To determine the sample size required to have a margin of error of 0.4 cm with a 99% confidence level, we can use the formula:
n = (zα/2 * σ / E)^2
where:
n = sample size
zα/2 = z-score for the given confidence level (99%), which is 2.576
σ = standard deviation of the population (unknown, but we can estimate it using the sample standard deviation)
E = margin of error, which is 0.4 cm
We are given the sample mean (34.9 cm) but not the sample standard deviation, so we need to estimate it using the margin of error.

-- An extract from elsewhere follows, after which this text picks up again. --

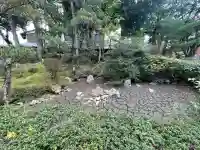 安養寺の{uncategorized: "未分類", other: "その他", undefined: "問題あり", building: "その他建物", grave: "お墓", sacred_gate: "鳥居", guardian: "狛犬", statue: "像", buddha: "仏像", history: "歴史", nature: "自然", garden: "庭園", animal: "動物", pagoda: "塔", temizu: "手水舎", mountain_gate: "山門・神門", sanctuary: "本殿・本堂", subordinate: "末社・摂社", art: "芸術", scenery: "景色", jizo: "地蔵", ema: "絵馬", goshuin: "御朱印", omikuji: "おみくじ", items: "授与品その他", amulet: "お守り", goshuincho: "御朱印帳", eats: "食事", festival: "お祭り", votive_dance: "神楽", shichigosan: "七五三参", wedding: "結婚式", experience: "体験その他", initially: "初詣", around: "周辺", anti_infection: "感染症対策"}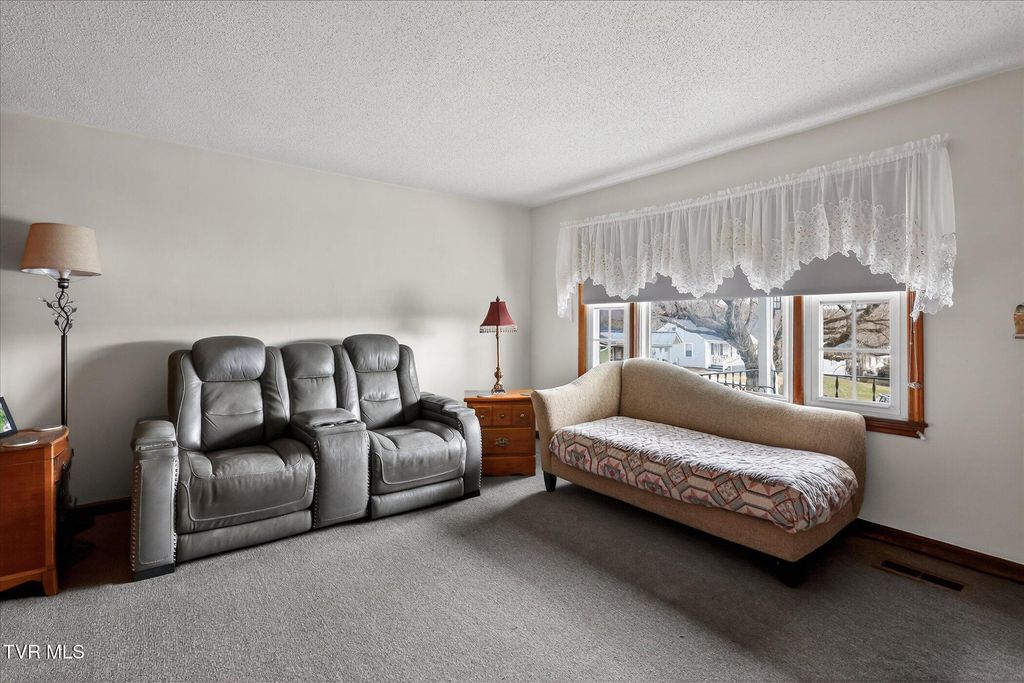 Photo of 200 Keith Road, Bristol, TN 37620 (MLS # 9989963)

The margin of error is defined as:
E = zα/2 * σ / sqrt(n)
Rearranging this equation, we can solve for the standard deviation:
σ = E * sqrt(n) / zα/2
Substituting the given values, we get:
0.9 cm = 2.576 * σ / sqrt(14)
σ = 0.9 cm * sqrt(14) / 2.576
σ ≈ 0.294 cm
Now we can use this estimate of the standard deviation to calculate the sample size:
n = (zα/2 * σ / E)^2
n = (2.576 * 0.294 cm / 0.4 cm)^2
n ≈ 46.7
Rounding up to the nearest whole number, we get a required sample size of 47. Therefore, we need a sample of at least 47 infants to estimate the population head circumference with a margin of error of 0.4 cm and a 99% confidence level.